The New York Times editorial board published in their opinion pages, an editorial encouraging European leaders to give Greece “room to maneuver.” The editorial didn’t exactly praise Greek efforts, but noted that Greece “deserves more than the brusque dismissal they were given.”
The full text of the editorial is below:
Greece’s lenders, most notably Germany, insist that they are defending important principles: a country must pay its debts, and the long-term success of the euro depends on everyone abiding by the rules.

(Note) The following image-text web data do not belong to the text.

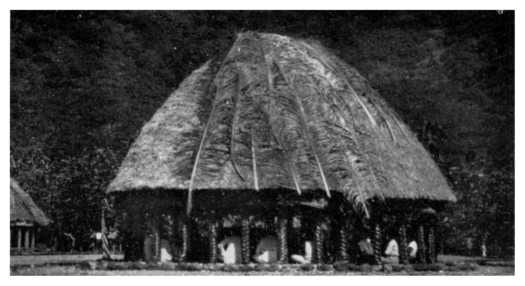 An oval thatched open-sided house on posts, with several men seated cross-legged inside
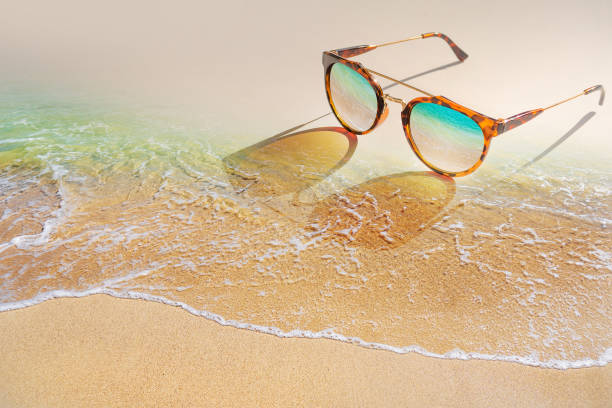 istock Vintage sunglasses put on the beach. 1282530449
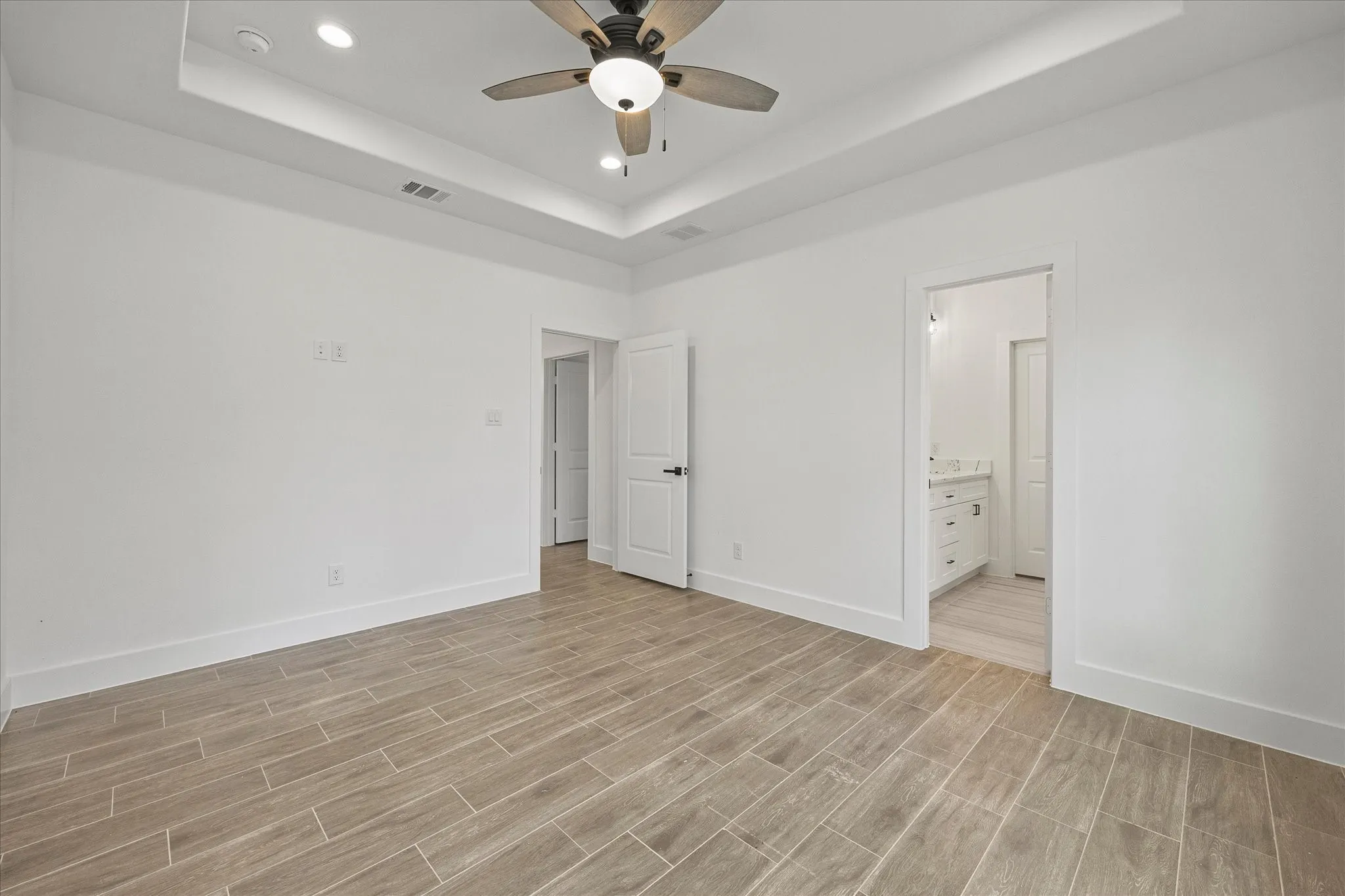 Unfurnished bedroom with recessed lighting, wood tiled floors, a ceiling fan, a tray ceiling, and ensuite bath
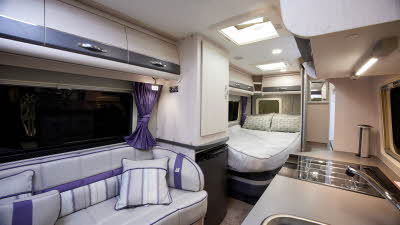 Interior, cream sofa, purple accents in upholstery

That might sound fine in principle, but it rejects reality when the country and the euro are at stake, as they are in the negotiations between Greece and the 18 other eurozone governments, which came to a grinding halt on Monday. The dangerous possibility of a Greek default and a crisis in the euro system have become very real.
The immediate issue is an extension of the 240 billion euro bailout, about $273 billion, which expires on Feb. 28. Eurozone finance ministers say Greece must agree to an extension on existing terms and must do so by Friday to give all governments time to approve it. An extension would immediately unlock €7 billion, but the newly elected government of Prime Minister Alexis Tsipras, which was represented at the negotiations by the pugnacious finance minister, Yanis Varoufakis, refused to extend the program and instead is seeking a bridge loan while a new and less punishing bailout is negotiated.
The lenders have declared that if Greece signs on to an extension, a new accord can be promptly reached to soften the austerity terms. Mr. Varoufakis has dismissed such pledges as “nebulous.” The existing program, he said, was “part of the problem, not part of the solution,” and his government was elected to challenge it. From the other side, the German finance minister, Wolfgang Schäuble, accused the Greek government of behaving “pretty irresponsibly.”
Whatever the “troika” of the European Commission, the European Central Bank and the International Monetary Fund thinks it has the right to demand, there is no question that the austerity program has proved to be deeply flawed and has effectively made it impossible for the country to pay off its formidable debt.
Yes, Mr. Tsipras made some hard-to-keep campaign promises, like increasing the minimum wage, reducing taxes or rehiring public employees, and Mr. Varoufakis’s voluble style is not what Brussels is accustomed to. But the Greek leaders have made clear over the past week that they are prepared to keep much of the existing reform program in place, and they have a mandate to wage a real battle against corruption and tax avoidance.
The ideas Greece has reportedly floated in Brussels — like the bridge loan or keeping the primary budget surplus (a surplus excluding interest payments) at the current rate of about 1.5 percent of G.D.P. — deserve more than the brusque dismissal they were given. And if some deadlines need to be moved and some agreements changed, it would not be the first time this happened in Brussels.
However much the eurozone ministers may find it difficult to make concessions to a nation they perceive as profligate and ungrateful, they must come to grips with the fact that cutting Greece some slack now is the only good choice they have.